İbnu Hacer, aynı mevzuya, başka âlimlerden nakillerle açıklık getirmeye devam eder. Kirmânî der ki: “Karınca mükellef değildir; öyleyse âyet-i kerîme mûcibince kısas misliyle olması gerekirken: جَزَاءُُ سَيِِّئَةٍ سَيِّئَةٌ مِثْلُهَا “Bir kötülüğün karşılığı aynı şekilde bir kötülüktür” (Şûrâ 40).

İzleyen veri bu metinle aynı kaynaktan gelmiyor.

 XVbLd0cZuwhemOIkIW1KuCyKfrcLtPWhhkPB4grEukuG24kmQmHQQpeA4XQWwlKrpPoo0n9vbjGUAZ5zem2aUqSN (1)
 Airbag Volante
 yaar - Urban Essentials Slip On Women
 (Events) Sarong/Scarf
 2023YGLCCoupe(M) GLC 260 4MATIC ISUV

Hadiste nasıl olur da tek bir karıncanın yakılmasının câiz olacağına işâret edilir ” Sonra bu soruya, “O peygamber nezdinde yakmanın câiz olma” ihtimaliyle cevap verir.

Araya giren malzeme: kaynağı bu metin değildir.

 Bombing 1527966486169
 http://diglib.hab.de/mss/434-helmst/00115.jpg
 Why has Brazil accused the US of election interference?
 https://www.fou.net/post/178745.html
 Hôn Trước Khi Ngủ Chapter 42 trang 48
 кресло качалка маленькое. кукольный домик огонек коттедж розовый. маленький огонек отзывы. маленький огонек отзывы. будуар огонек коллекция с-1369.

Arkadan der ki: “Bu sözümüz şöyle bir mülâhaza ile reddedilebilir: “Yakmak câiz olsaydı, bu peygamber yaktığı için zemmedilmezdi.” Buna cevaben deriz ki: “Kadri yüce olanlar, evlâ olanı terkedip câiz olanı yaptıkları için bazan zemmedilirler.” İbnu Hacer, burada peygamber hakkında zemm kelimesini kullanmanın uygun düşmediğini, itâb denmesi gerektiğini belirttikten sonra Kirmânî´nin evlâ olan´la neyi kastetmiş olabileceğini belirtme sadedinde Kurtubî´nin mülahazasını kaydeder: “Bu hadisin zahirinden çıkan mâna şudur: “Allah zikri geçen peygamberi, kendisine ezâ eden bir karınca sebebiyle onun mensup olduğu bütün karınca ailesini helâk ederek nefsinin intikamını aldığı için itâb etmiştir. Halbuki ona evlâ olanı, sabretmek ve müsâmaha göstermek idi. Sanki ona şu husus vâki olmuştur: “Bu karınca nevi insanoğlu için ezâ vericidir, insanın hurmeti, karıncanın hurmetinden büyüktür.” Bu nokta-i nazar yalnız kalsa ve bazı itirazlardan sâlim olmasa da itâb edilemez.” Kurtubî, mütâlaasını şöyle noktalar: “Söylediğimiz hususu te´yîd eden bir husûs, peygamberlerin ismet (günahtan korunmuş olmaları) prensibidir. Onların fiillerini değerlendirirken bu prensibe temessük etmek, bunu esas almak gerekir. Unutmayalım ki, onlar Allah´ı ve Allah´ın ahkâmını bilmede ve Allah´tan korkmada bütün insanlardan daha ileridirler.”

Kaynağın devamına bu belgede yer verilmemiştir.